The simple and fun way to create (and remember) characters

By Deb Simpson

Ok, we've all heard it before: "A good story starts with interesting characters." And, we know it's true. But, when I was developing the people (peeps) in my new novel, I found it difficult to keep the characteristics and quirks of each one in my memory, as I wrote about the events in their world. I first created a spreadsheet to list the key points about each one, but it grew so large and detailed that it was cumbersome and clumsy to use. Then, I tried using an index card for each one, but kept losing them amidst the other notes, pages, and files. Then my daydreaming mind led me to a new approach.

Character Notes

Name: Gina Blair Residence: Egegik Alaska Career Goal: Graphics design Wants to be own boss
Age: 33; bleach blonde; brown eyes, 5'8" Birthplace: Miami FL Business Name: Visual Voice Smoker, beer drinker, likes to party

Marital Status: single
Daughter: Amy 3 yrs.

Job: Waitress @ Igloo Truck Stop; night shift Mother: Flo; Father: John; live in Miami Has love-hate relationship w/parents
Zodiac sign: Capricorn Education: GED Learned graphics design via online courses Internal dialogue:" I never catch a break"

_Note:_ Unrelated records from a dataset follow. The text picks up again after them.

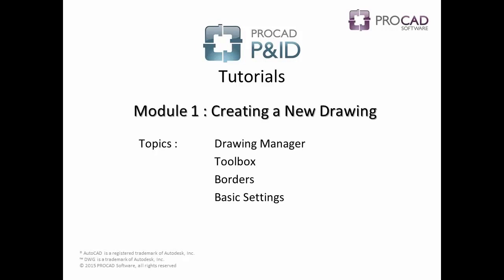Welcome to ProCAD's P&ID tutorials. Watch the entire video or use the on-screen table of contents to skip to a specific topic. Module 1, Creating a New Drawing, covers the following topics.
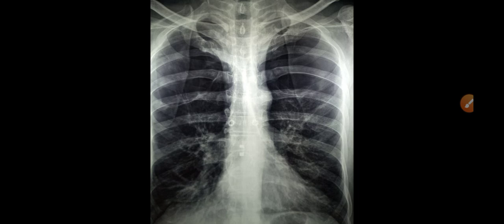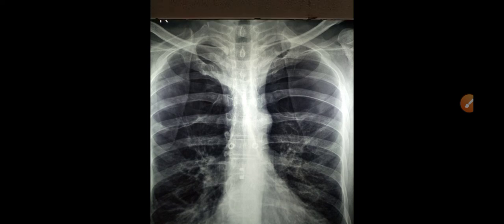For COPD, the patient has been advised to use inhalers. We will discuss this further. What is the best inhaler for COPD?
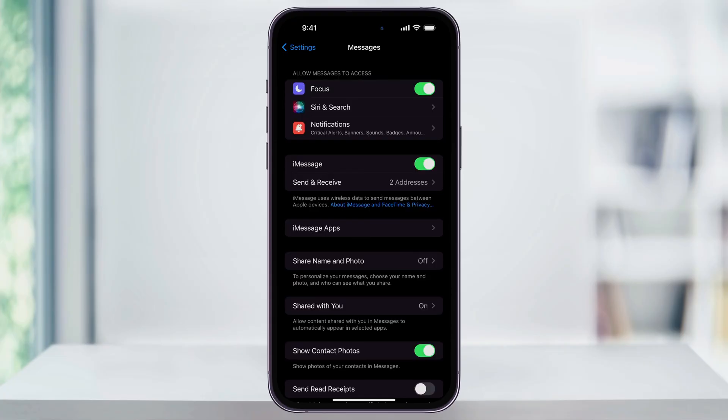Remember that for iMessage to work, everyone in the conversation needs to have iMessage enabled and be on an iPhone. In the future, this may change with Android devices, but for now, just remember that that's going to be the requirement.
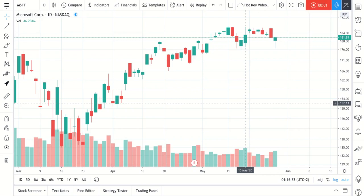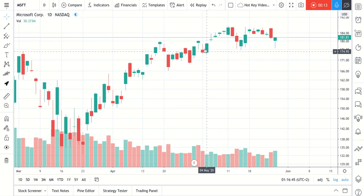In this video, we are going to show you how to change your chart's timeframes in lightning speed — literally in seconds, maybe milliseconds if you're fast enough. As you can see, this is a daily chart of Microsoft.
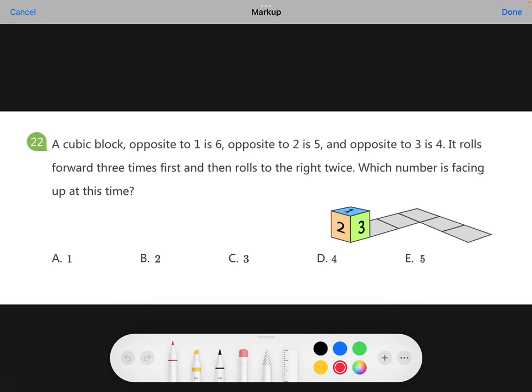Welcome to Think Academy Math Kangaroo 2025 test prep. Here is today's question. You can pause the video right now and try to solve it by yourself first.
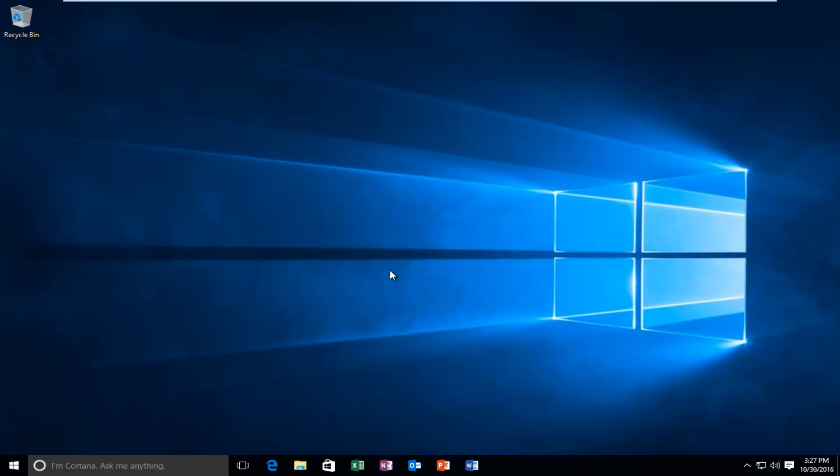Today I'm going to be going over how to hopefully resolve a delay when you're right clicking on an item or file or folder on your Windows 10 computer.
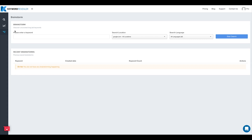Hello and welcome to the keyword brainstorming tutorial. First, I want to talk about the differences between the keyword research tool and the keyword brainstorming tool. The keyword research tool is more for finding similar keywords to your seed keywords — so if you type in a keyword like 'men's shoes,' you might find keywords like men's sandals or sneakers. The keyword brainstorming tool is more for expanding on an existing keyword.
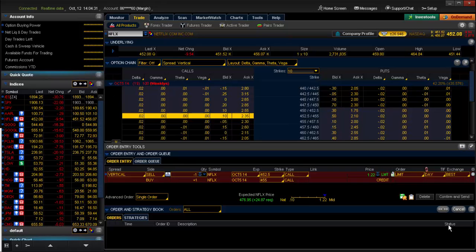Let's determine that you are looking at a Netflix chart and you have determined that it will not exceed the stock price of 452.5, and you would like to use a bear call spread to take advantage of that.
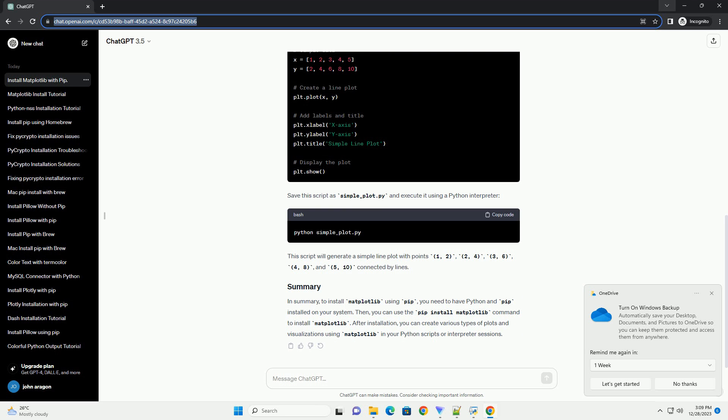In summary, to install Matplotlib using pip, you need to have Python and pip installed on your system. Then you can use the pip install Matplotlib command to install Matplotlib. After installation, you can create various types of plots and visualizations using Matplotlib in your Python scripts or interpreter sessions.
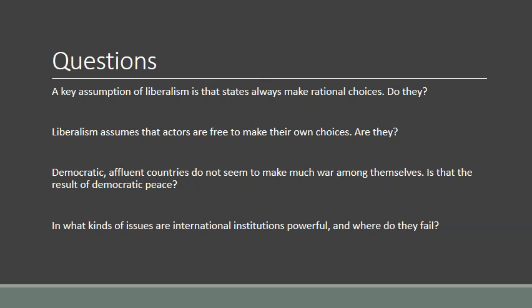Some questions to end this podcast with. A key assumption of liberalism is that states always make rational choices. What would it mean for a state to make rational choices? What do we mean with rationality? Do states really weigh all their options very carefully, or are there circumstances in which their options are already sort of pre-given by certain constellations of values, norms, and culture?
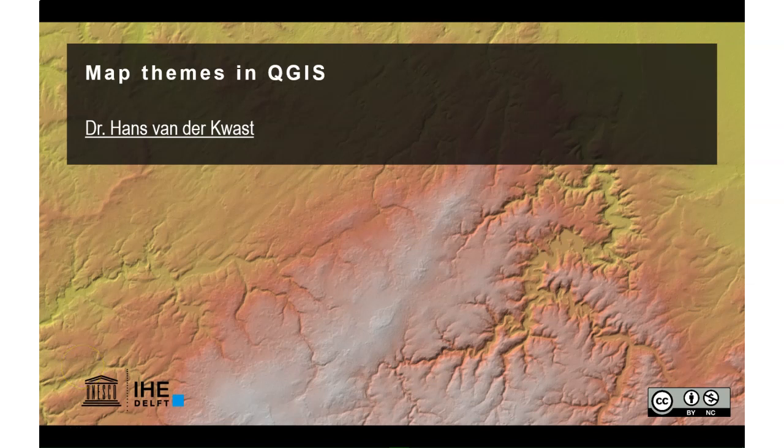Hello, this is Hans van der Kvast, senior lecturer at the IHE Delft Institute for Water Education. In this video I'm going to demonstrate the use of map themes in QGIS.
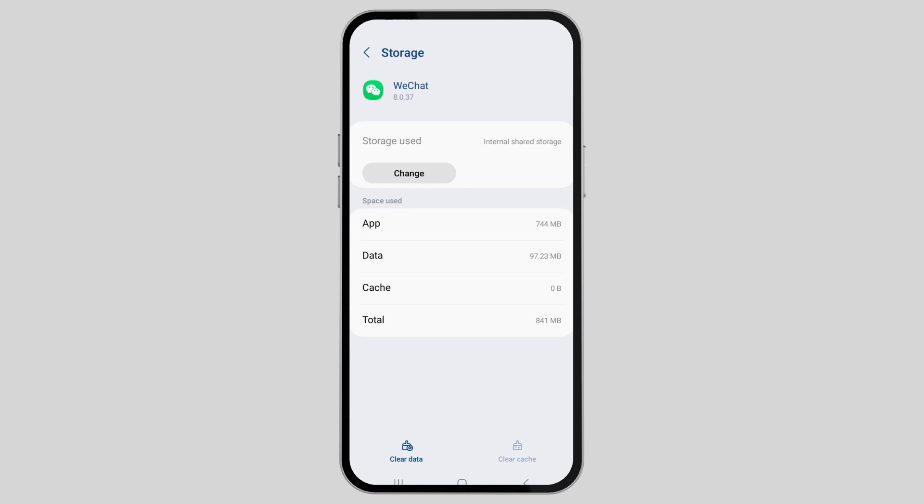Otherwise, go to the option of Clear Data and then go to Delete. So this way, your problem will be solved.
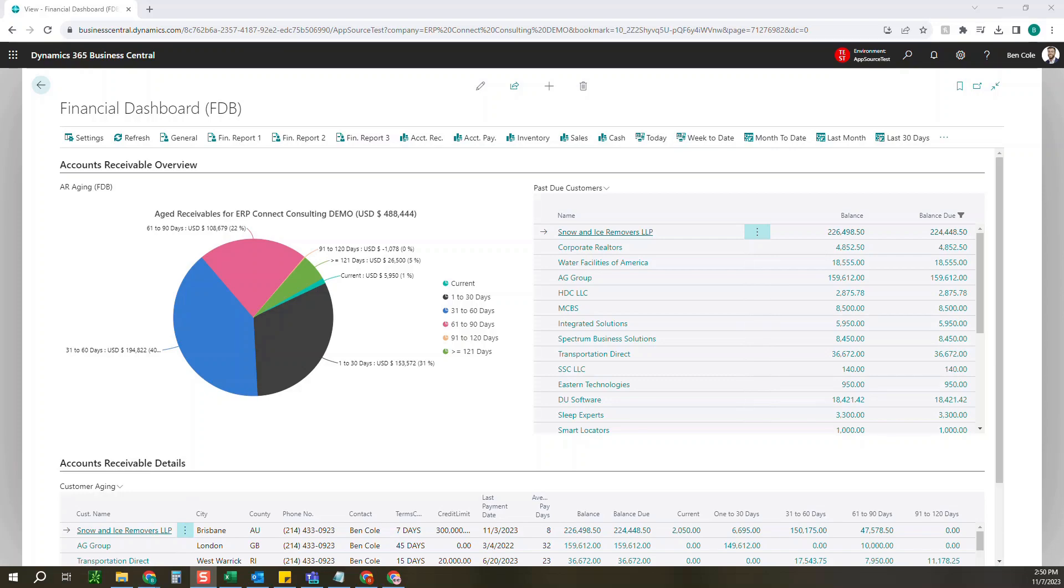Hello everyone, this is Ben over at ERP Connect, and in this video we're going to show you how to download a PTE extension into your D365 Business Central instance.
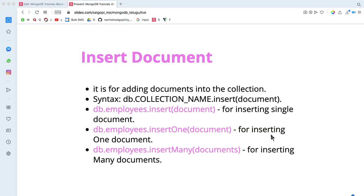In this video, I will tell you about the collection from the last video. I will show you how to insert documents into collections. The database reference and collection reference use the insert method. I will show you how to insert collections under the collection.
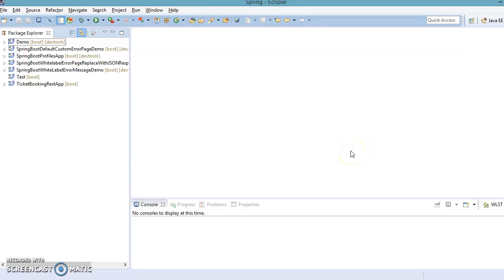Hello friends, my name is Kishan and welcome to this video tutorial. In this video we are going to discuss Spring Boot XML configuration.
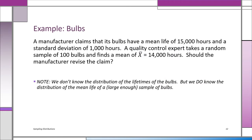The next problem foreshadows what we're going to be doing in inference called hypothesis testing. You'll see the word 'claim' — that's going to be called a hypothesis. A manufacturer claims its bulbs have a mean life of 15,000 hours and a standard deviation of 1,000 hours. We're going to accept that claim temporarily — that's the straw man. A quality control expert takes a random sample of 100 bulbs and finds a sample mean x-bar of 14,000 hours. The question is: should the manufacturer revise the claim? We're looking at the sample evidence to decide whether the claim about mu makes sense.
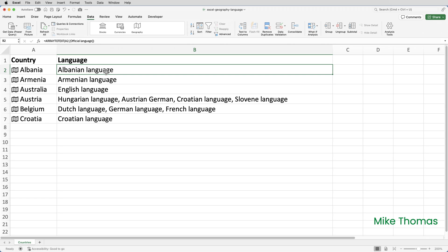Now, B2, B3, and B4 each contain one value. However, B5 contains four values, and B6 contains three values. So, back to the original question, how do I remove the word language?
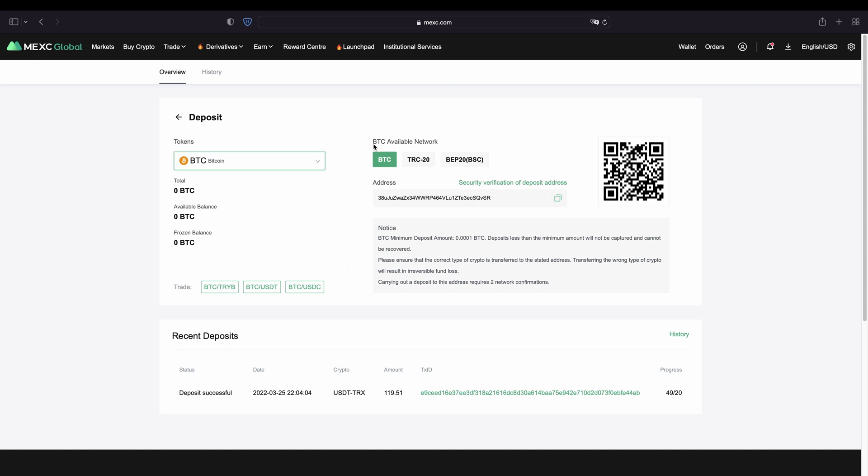Then you can select your network that you want to use. So obviously you can always use the normal Bitcoin network. Then you have your address right here. You can copy that to your clipboard and then send Bitcoin to this address.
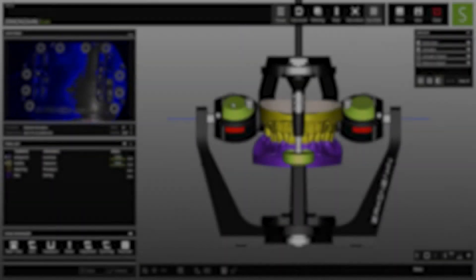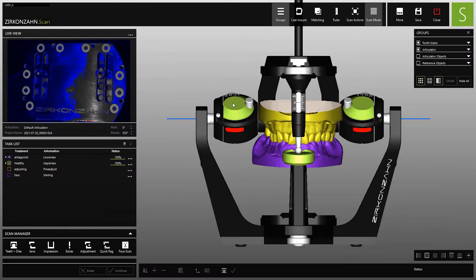In addition to the various scanning options, the Zirconzon scan software offers many other functions, including the placement of models in the virtual articulator.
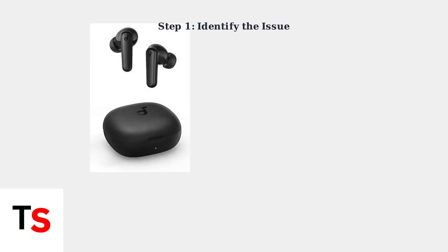Experiencing low volume on your Soundcore earbuds can be frustrating, but most issues are easily fixable. Let's identify and solve the most common volume problems step by step.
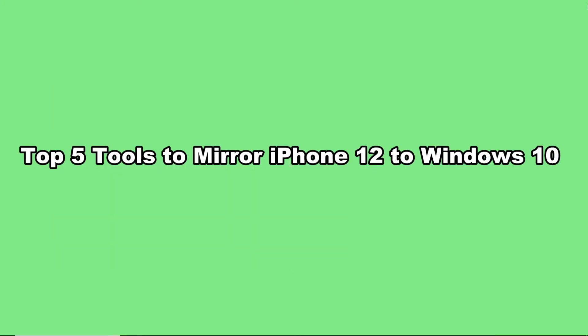And these are the top 5 tools to mirror iPhone 12 to Windows 10. Thank you for watching.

As I was thinking about one of the characters in my novel, who is a writer, I found myself wondering what her website would be like (since I've recently been working on my own!). I decided to create a mock website for her, (mainly because that seemed more interesting than developing yet another type of character chart!). As I developed the public persona for her website (how she would sell herself and her books on the site; what she would say, etc.), I found my imagination taking over. I became excited to think about her favorite color, her likes and dislikes, and how that would play into her website design. I decided to lay out the web page to capture the public side of her on one side of the page, and the more personal details that I needed, on the other. In doing that, I found that she became more real to me. It became easier to visualize her as a person, to ask questions about her story, her life, and what she might struggle with. Although I limited by mock website development to the Home Page, additional pages could be created to provide more detail.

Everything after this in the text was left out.